[DATA UNDER STUDY — start]

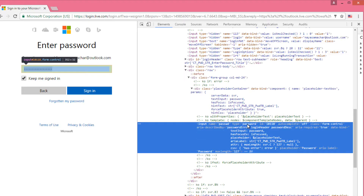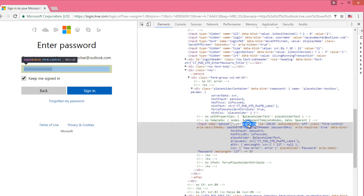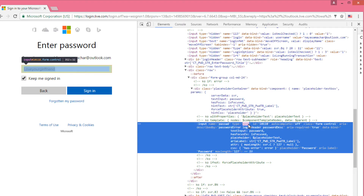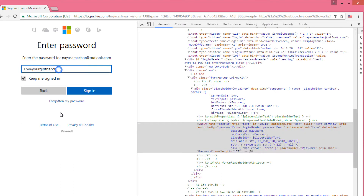You can see the word 'password' here. Double-click on it and replace it with 'text', then press Enter. Now you can see your password.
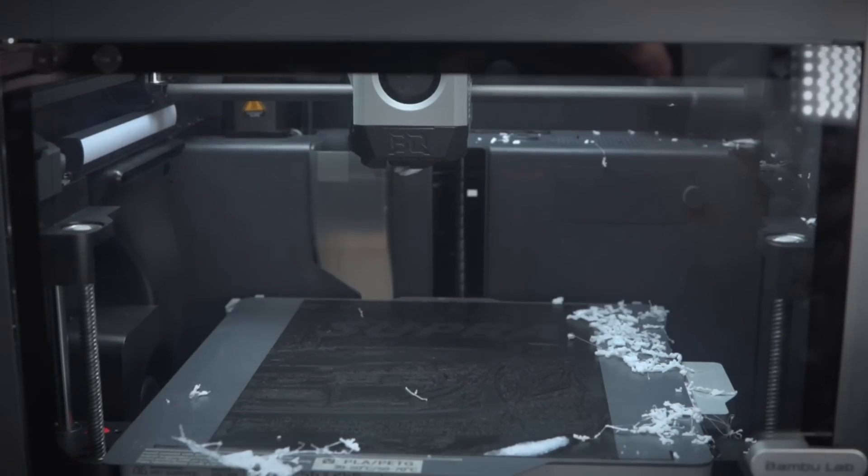If you or a loved one have been affected by failed prints that result in a blob of the extruder, you may be entitled to watch this video to the end.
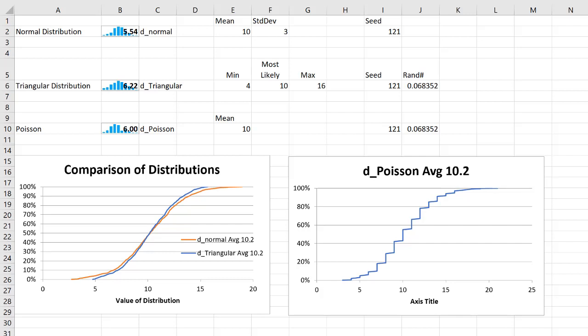Combining two CDF graphs has always been difficult for me because of the way I was doing it. But let me show you an easy way to do it. In this particular SIP Math model, I have generated a normal distribution and a triangular distribution and displayed them together on this chart.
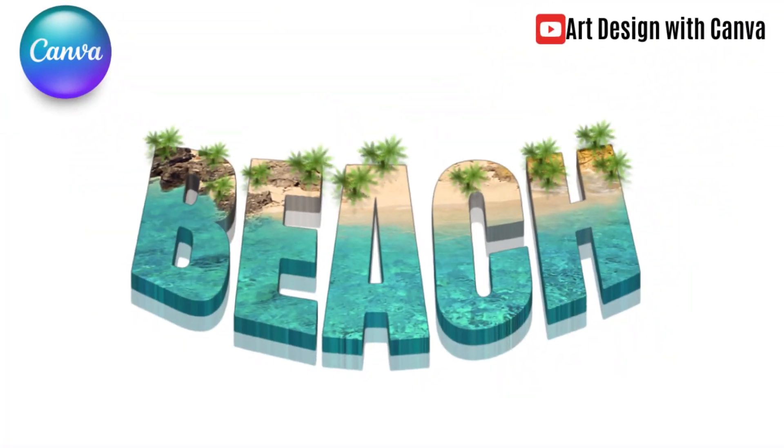So now you have the 3D typography design made with Canva. See you next video and have fun with Canva.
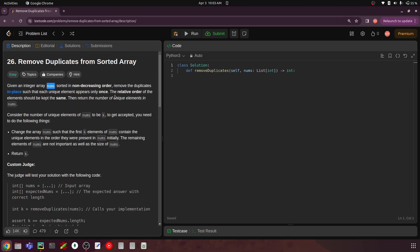You also need to return the number of unique elements. If you have seven elements in an array and there are only four unique values, you need to return the value four. Consider the number of unique elements to be k. In order to get your solution accepted, you need to return k, and also change the array nums such that the first k elements of nums contain the unique elements in the order they were present in nums initially. The remaining elements are not important.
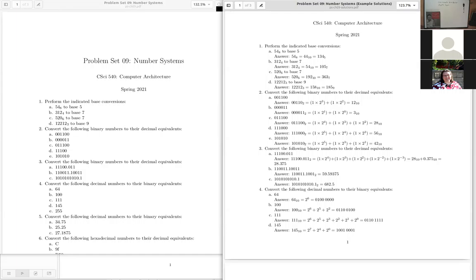The professor makes a note to correct both errors and asks students to flag any other mistakes, since these problems may be reused. The affected problems are 2b and 3b.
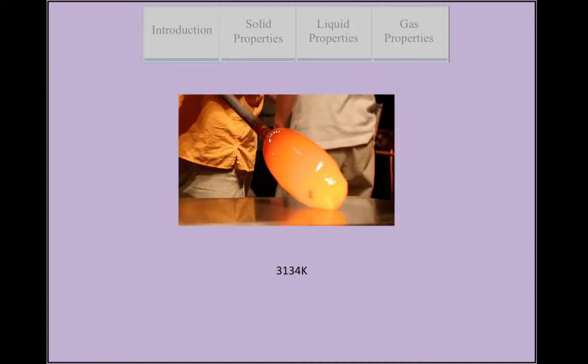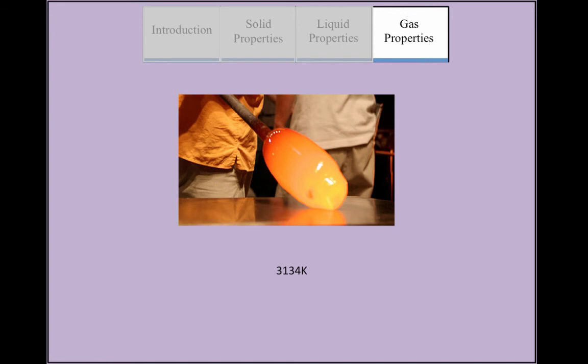Iron only exists as a gas above 3134 kelvin and it can't be studied very well in the gas phase because it would melt glass at this temperature.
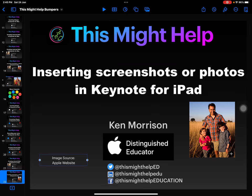Hello, in this video I'm going to help you insert screenshots or photos in Keynote for the iPad.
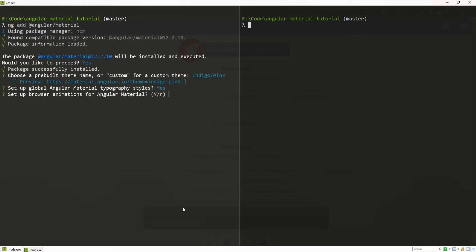Also, it will ask us do we wish to set up browser animations. I will go yes to that as well, because Angular Material will use these browser animations to animate its own component.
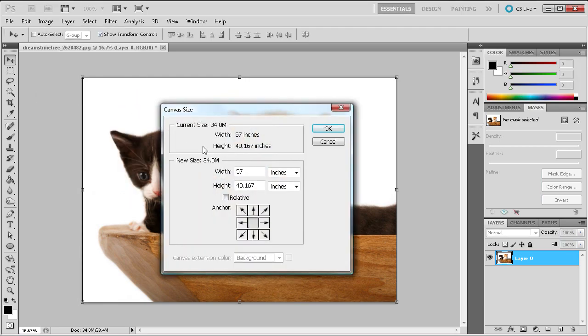Once here you will see a number of different options. At the top you can see the current size of the document. In the bottom portion you can change the canvas to a new size.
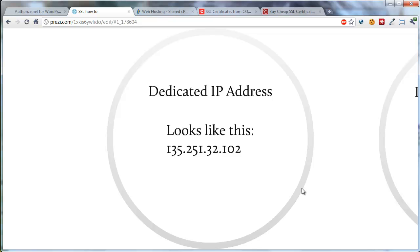For example, on HostGator, I pay $2 per month for a dedicated IP address.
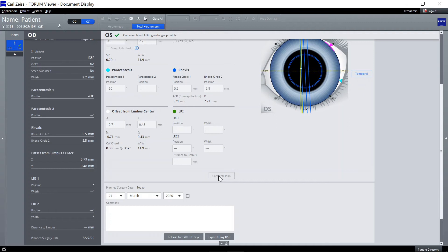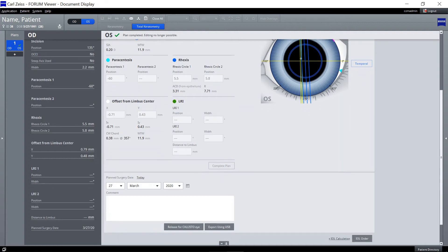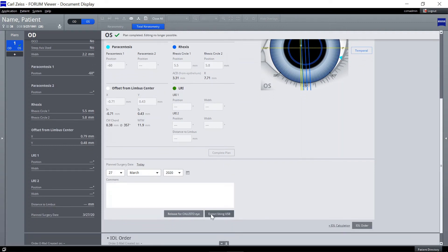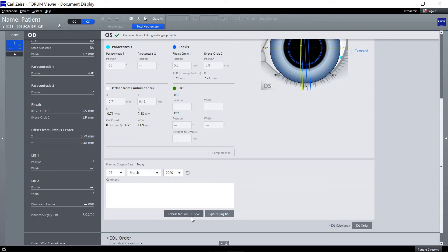You have now finished your surgery planning and can proceed to releasing it for Zeiss Callisto Eye and or ordering the planned IOL. Both steps can be performed by any user logging in to Zeiss EQ Workplace and do not necessarily need to be completed by the plan originator.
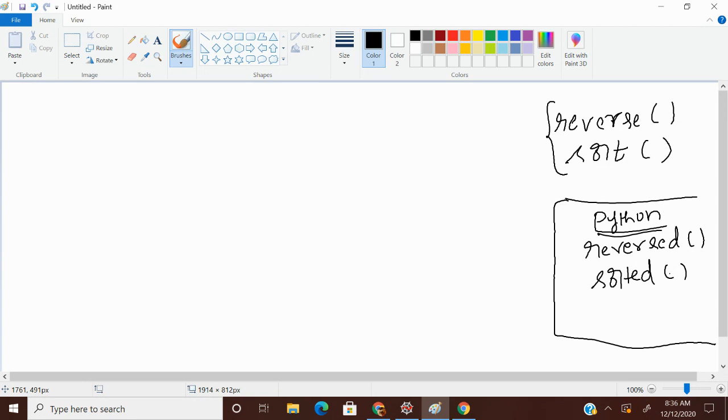Reversed. First we are going to talk about Python specified reverse function and sort function. So these are very easy to learn.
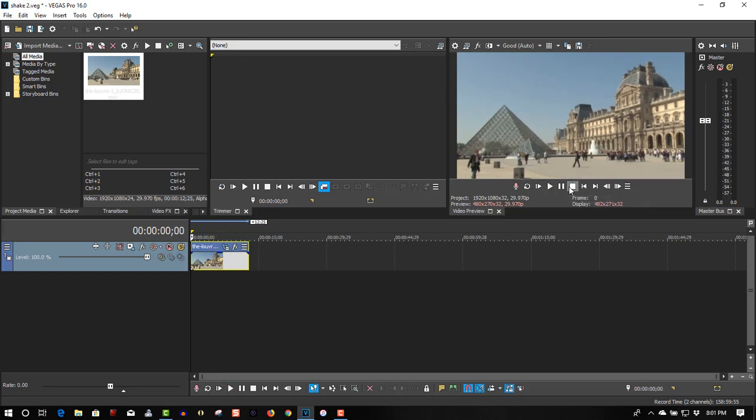So that's all you have to do to make your footage shake in Vegas Pro. This will work on earlier versions as well and I think Movie Studio as well.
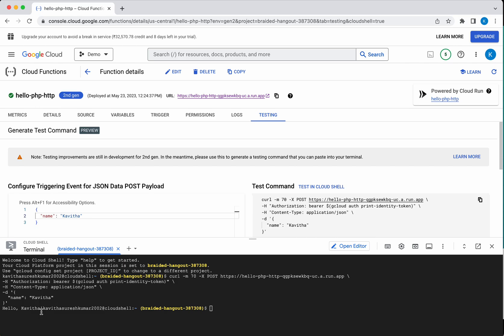In this demo, we have seen how to create a simple PHP HTTP cloud function in GCP using the GCP console. If you like this video, please like, share, and subscribe. Thanks for watching the demo.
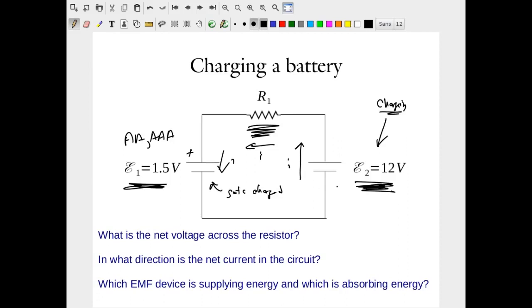So to recharge a battery, you have an overwhelming potential difference, a resistive load representing the charging circuit that regulates the process, and the battery you want to charge — all connected in a single circuit. Questions we want to answer include: what's the net voltage across the resistor, what direction is the net current flowing, and which EMF device is supplying energy versus absorbing it? To answer these, we must analyze this more complex circuit with two EMF devices in a few steps, which form the basis of much more complicated circuit analysis.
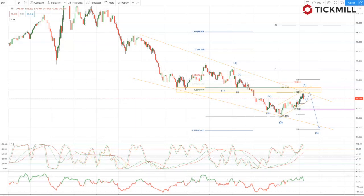Welcome traders to Tickmill Weekly Market Outlook, for the week commencing the 8th of February with me, Patrick Manley.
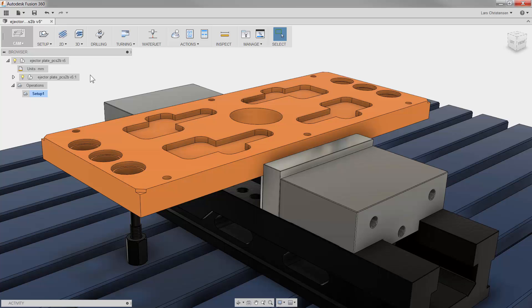The facing operation might be the most used toolpath in CNC milling, creating a planar face and many times an important datum. With Fusion 360's CAM function, this is simple to do. Let's take a quick look.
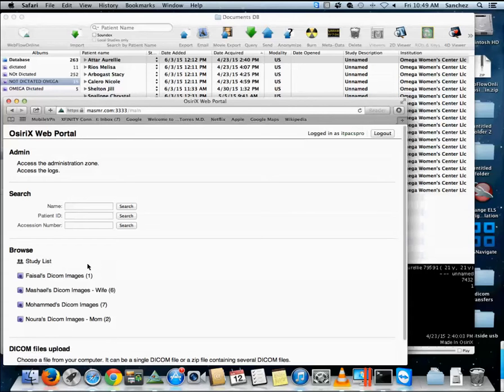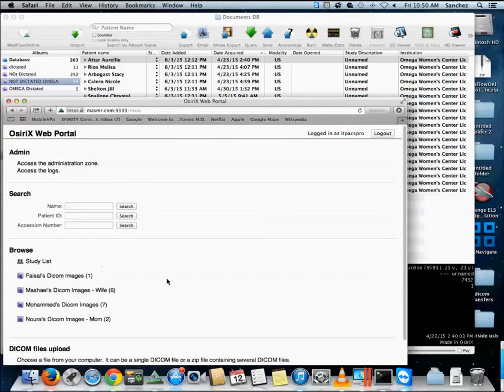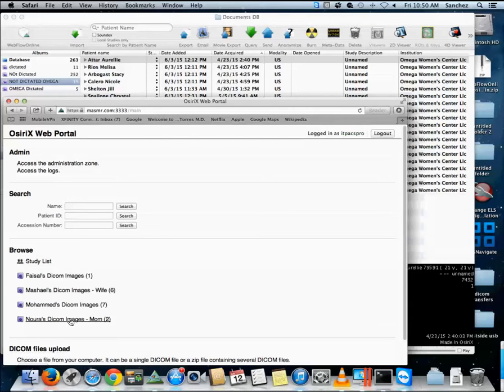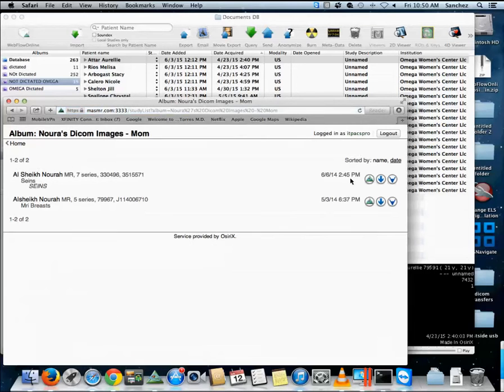And then every 60 seconds it will continue to check those smart albums to see if there is any new files. It will auto download to his workstation, and then when he begins to read he will keep this screen up. And he'll have the ability to mark a study read, and then as he marks it read obviously it will disappear from this smart album because the dictated studies would not be in this query.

[DATA UNDER STUDY — finish]

» WHAT TO DO
Print the entries above exactly, taking out only the pictures.

» TASK RESPONSE
You can see the word 'password' here. Double-click on it and replace it with 'text', then press Enter. Now you can see your password.
If you or a loved one have been affected by failed prints that result in a blob of the extruder, you may be entitled to watch this video to the end.
Combining two CDF graphs has always been difficult for me because of the way I was doing it. But let me show you an easy way to do it. In this particular SIP Math model, I have generated a normal distribution and a triangular distribution and displayed them together on this chart.
So now you have the 3D typography design made with Canva. See you next video and have fun with Canva.
You also need to return the number of unique elements. If you have seven elements in an array and there are only four unique values, you need to return the value four. Consider the number of unique elements to be k. In order to get your solution accepted, you need to return k, and also change the array nums such that the first k elements of nums contain the unique elements in the order they were present in nums initially. The remaining elements are not important.
The professor makes a note to correct both errors and asks students to flag any other mistakes, since these problems may be reused. The affected problems are 2b and 3b.
Iron only exists as a gas above 3134 kelvin and it can't be studied very well in the gas phase because it would melt glass at this temperature.
Hello, in this video I'm going to help you insert screenshots or photos in Keynote for the iPad.
Also, it will ask us do we wish to set up browser animations. I will go yes to that as well, because Angular Material will use these browser animations to animate its own component.
Once here you will see a number of different options. At the top you can see the current size of the document. In the bottom portion you can change the canvas to a new size.
For example, on HostGator, I pay $2 per month for a dedicated IP address.
You have now finished your surgery planning and can proceed to releasing it for Zeiss Callisto Eye and or ordering the planned IOL. Both steps can be performed by any user logging in to Zeiss EQ Workplace and do not necessarily need to be completed by the plan originator.
Reversed. First we are going to talk about Python specified reverse function and sort function. So these are very easy to learn.
So that's all you have to do to make your footage shake in Vegas Pro. This will work on earlier versions as well and I think Movie Studio as well.
In this demo, we have seen how to create a simple PHP HTTP cloud function in GCP using the GCP console. If you like this video, please like, share, and subscribe. Thanks for watching the demo.
So to recharge a battery, you have an overwhelming potential difference, a resistive load representing the charging circuit that regulates the process, and the battery you want to charge — all connected in a single circuit. Questions we want to answer include: what's the net voltage across the resistor, what direction is the net current flowing, and which EMF device is supplying energy versus absorbing it? To answer these, we must analyze this more complex circuit with two EMF devices in a few steps, which form the basis of much more complicated circuit analysis.
Welcome traders to Tickmill Weekly Market Outlook, for the week commencing the 8th of February with me, Patrick Manley.
The facing operation might be the most used toolpath in CNC milling, creating a planar face and many times an important datum. With Fusion 360's CAM function, this is simple to do. Let's take a quick look.
And then every 60 seconds it will continue to check those smart albums to see if there is any new files. It will auto download to his workstation, and then when he begins to read he will keep this screen up. And he'll have the ability to mark a study read, and then as he marks it read obviously it will disappear from this smart album because the dictated studies would not be in this query.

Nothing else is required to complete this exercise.